Niestety - bezskutecznie, gdyż Andrzej Lepper nie przychodził do sądu. Swoją nieobecność Lepper usprawiedliwiał, przedkładając zaświadczenie lekarski o niezdolności do pracy z powodu choroby wieńcowej i przebytej operacji. Sąd uznał zwolnienia lekarskie za uzasadnione.
Jednak na ostatniej rozprawie pod koniec sierpnia sędziowie zlecili wykonanie dodatkowego badania lidera Samoobrony w zakładzie medycyny sądowej.

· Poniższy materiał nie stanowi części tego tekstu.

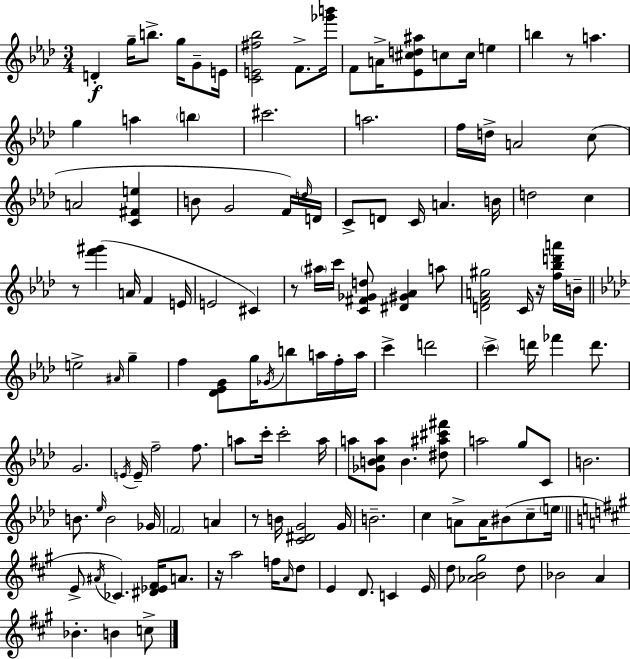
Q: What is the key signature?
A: AES major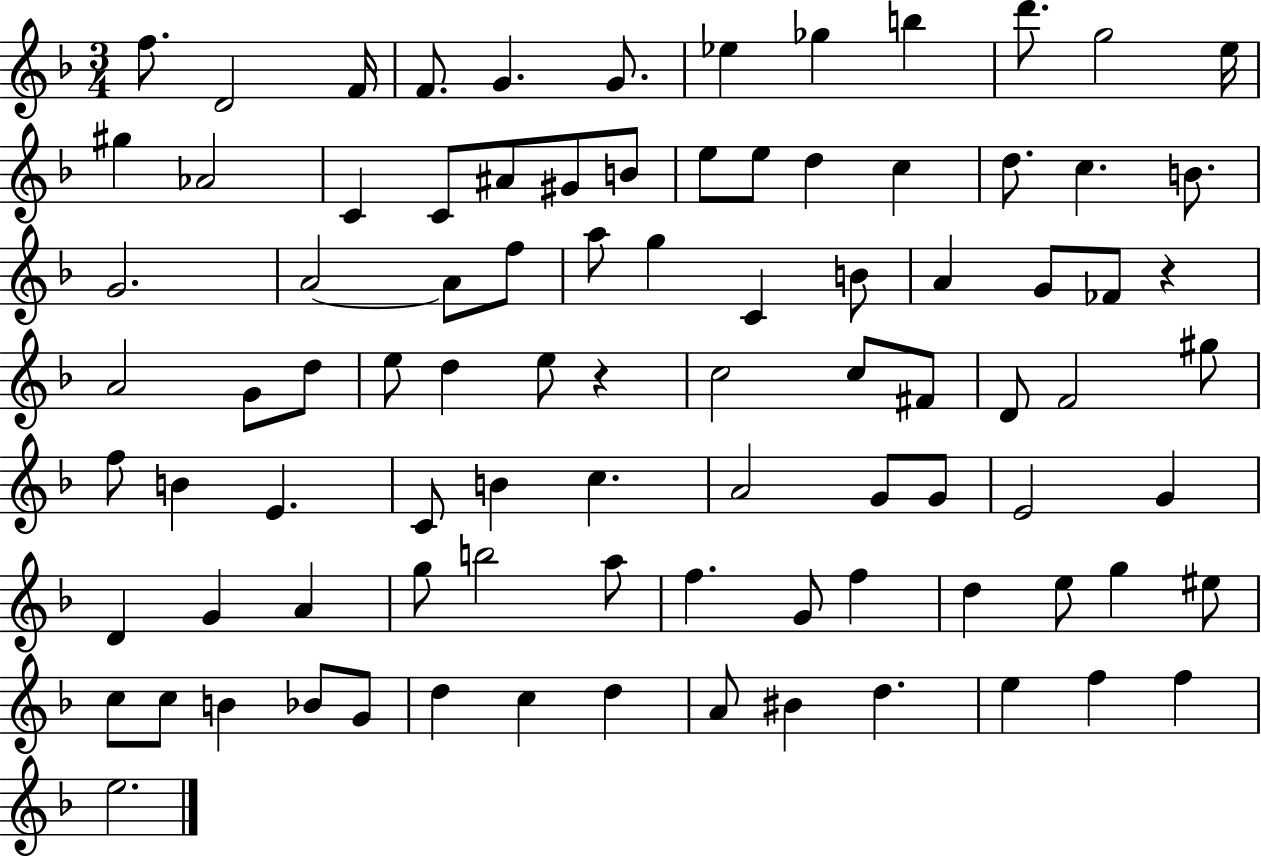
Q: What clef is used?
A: treble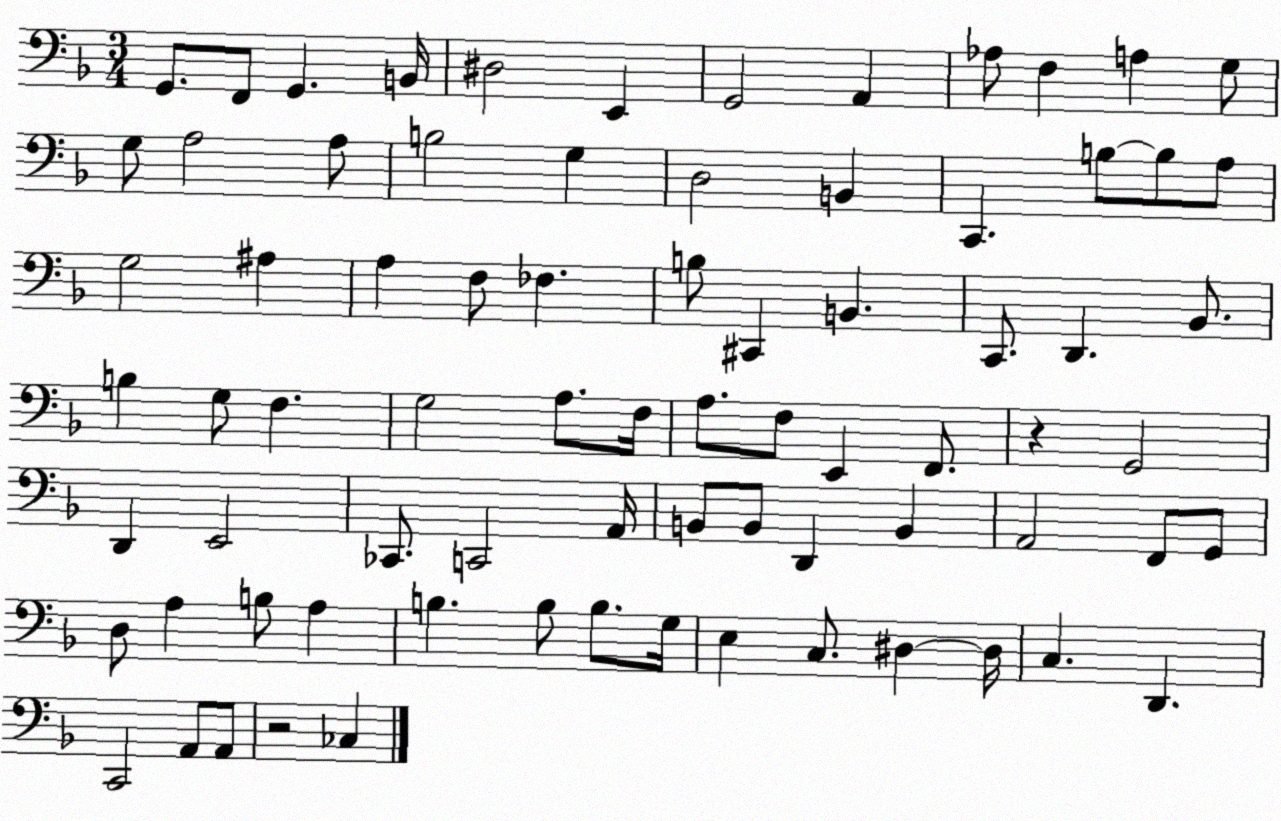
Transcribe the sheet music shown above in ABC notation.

X:1
T:Untitled
M:3/4
L:1/4
K:F
G,,/2 F,,/2 G,, B,,/4 ^D,2 E,, G,,2 A,, _A,/2 F, A, G,/2 G,/2 A,2 A,/2 B,2 G, D,2 B,, C,, B,/2 B,/2 A,/2 G,2 ^A, A, F,/2 _F, B,/2 ^C,, B,, C,,/2 D,, _B,,/2 B, G,/2 F, G,2 A,/2 F,/4 A,/2 F,/2 E,, F,,/2 z G,,2 D,, E,,2 _C,,/2 C,,2 A,,/4 B,,/2 B,,/2 D,, B,, A,,2 F,,/2 G,,/2 D,/2 A, B,/2 A, B, B,/2 B,/2 G,/4 E, C,/2 ^D, ^D,/4 C, D,, C,,2 A,,/2 A,,/2 z2 _C,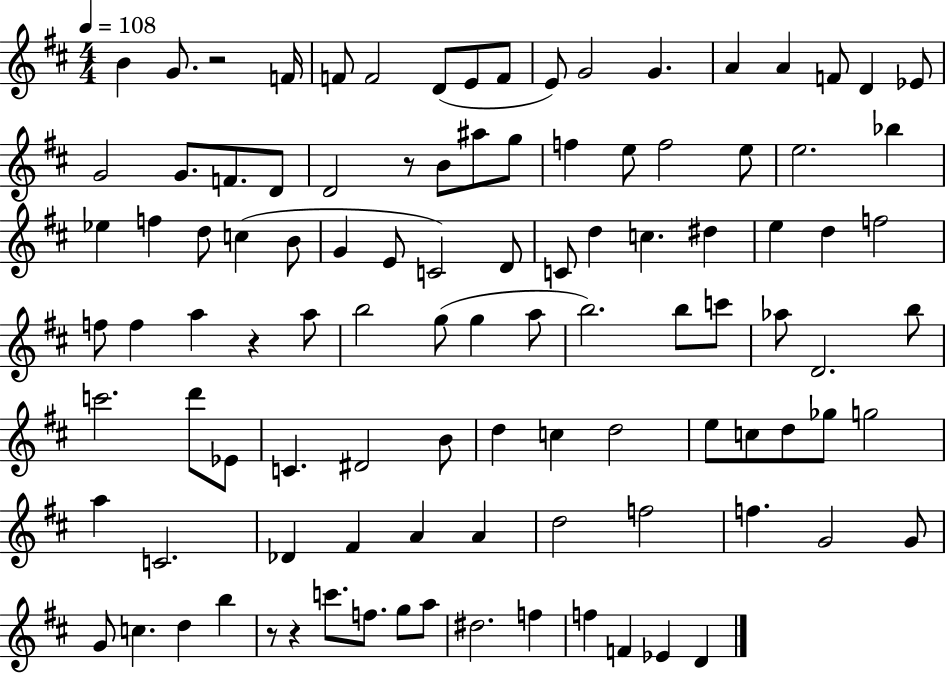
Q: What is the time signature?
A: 4/4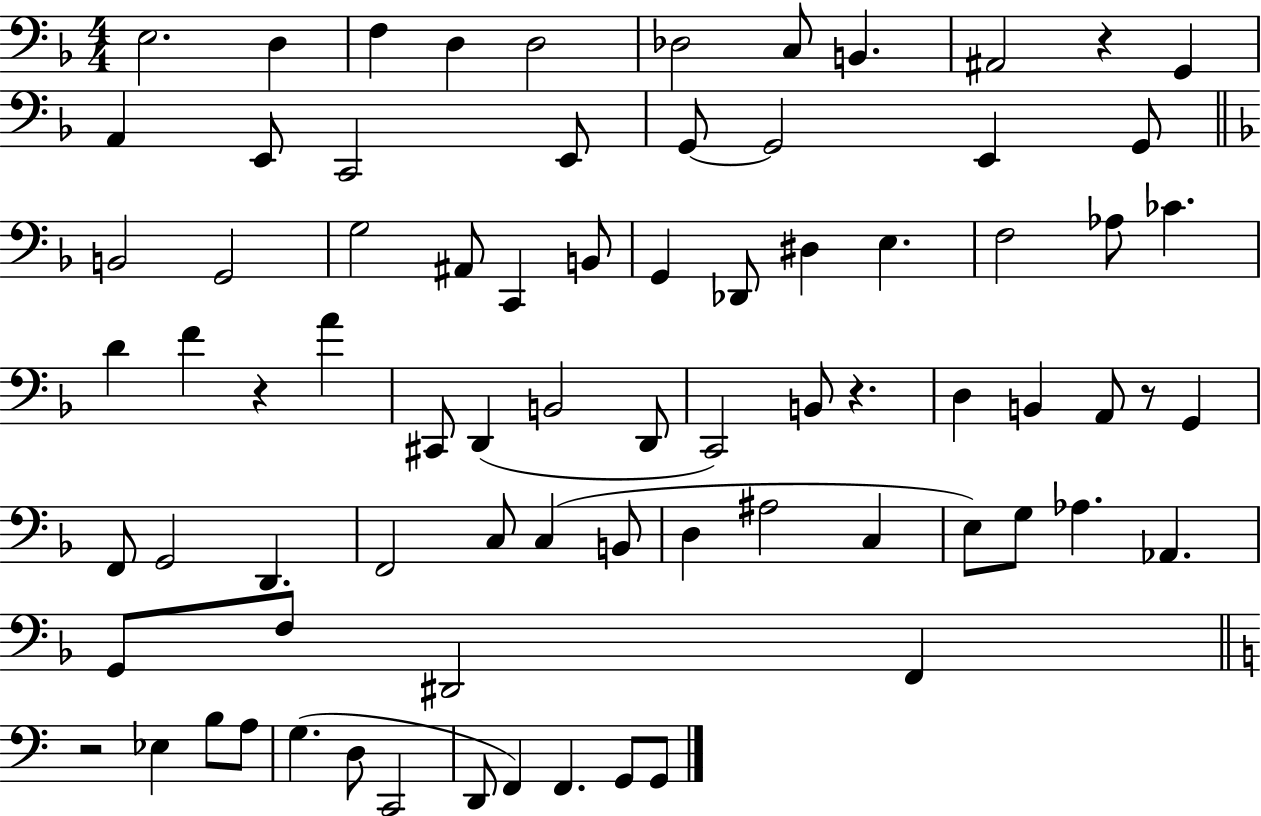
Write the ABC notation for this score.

X:1
T:Untitled
M:4/4
L:1/4
K:F
E,2 D, F, D, D,2 _D,2 C,/2 B,, ^A,,2 z G,, A,, E,,/2 C,,2 E,,/2 G,,/2 G,,2 E,, G,,/2 B,,2 G,,2 G,2 ^A,,/2 C,, B,,/2 G,, _D,,/2 ^D, E, F,2 _A,/2 _C D F z A ^C,,/2 D,, B,,2 D,,/2 C,,2 B,,/2 z D, B,, A,,/2 z/2 G,, F,,/2 G,,2 D,, F,,2 C,/2 C, B,,/2 D, ^A,2 C, E,/2 G,/2 _A, _A,, G,,/2 F,/2 ^D,,2 F,, z2 _E, B,/2 A,/2 G, D,/2 C,,2 D,,/2 F,, F,, G,,/2 G,,/2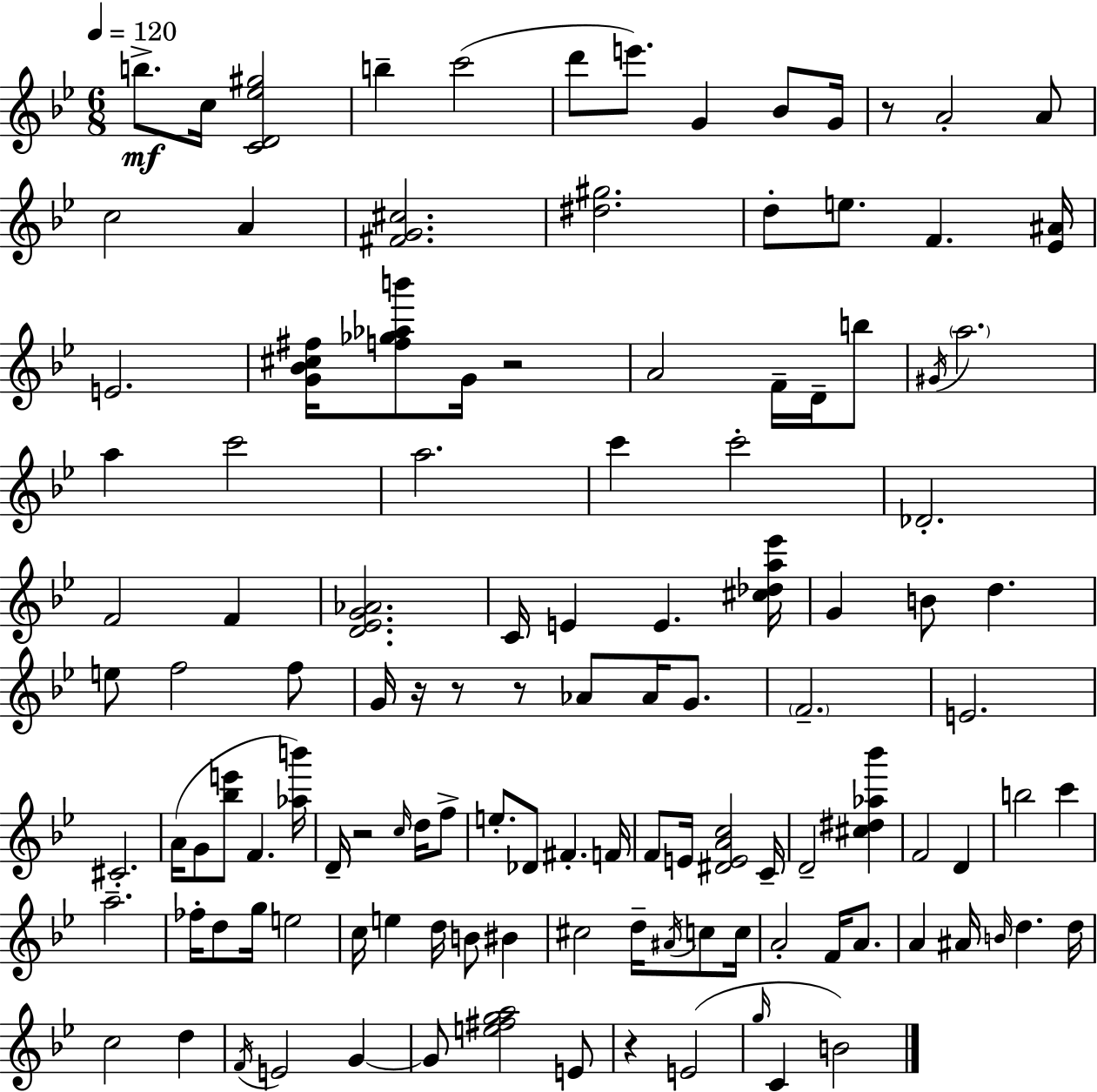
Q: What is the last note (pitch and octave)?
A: B4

Sąd chce, by lekarz sądowy odpowiedział na pytanie, czy oskarżony może wziąć udział w rozprawie 27 września, a jeśli nie, by wyznaczył inny termin.
Andrzej Lepper stwierdził dziś na konferencji prasowej, że na żadne badania nie pójdzie. "Ja mam zwolnienie wystawione przez ordynatora oddziału kardiologicznego kliniki MSWiA i nie mam zamiaru pójść na żadne dodatkowe badania" - oświadczył Lepper.
Zwolnienie lekarskie Andrzeja Leppera jest wystawione do 18 września i jest opatrzone adnotacją "niezdolny do pracy". Lider Samoobrony stwierdził jednak, że udział w konferencji prasowej oraz pokazywanie się w Sejmie nie jest pracą. "Ale ja nie mam na zwolnieniu "niezdolny", że mam leżeć. Ja jestem politykiem i prowadzę działalność polityczną, a spotkanie z dziennkarzami jest dla mnie relaksem i odprężeniem, którego brakowałoby mi gdybym leżał w łóżku" - powiedział.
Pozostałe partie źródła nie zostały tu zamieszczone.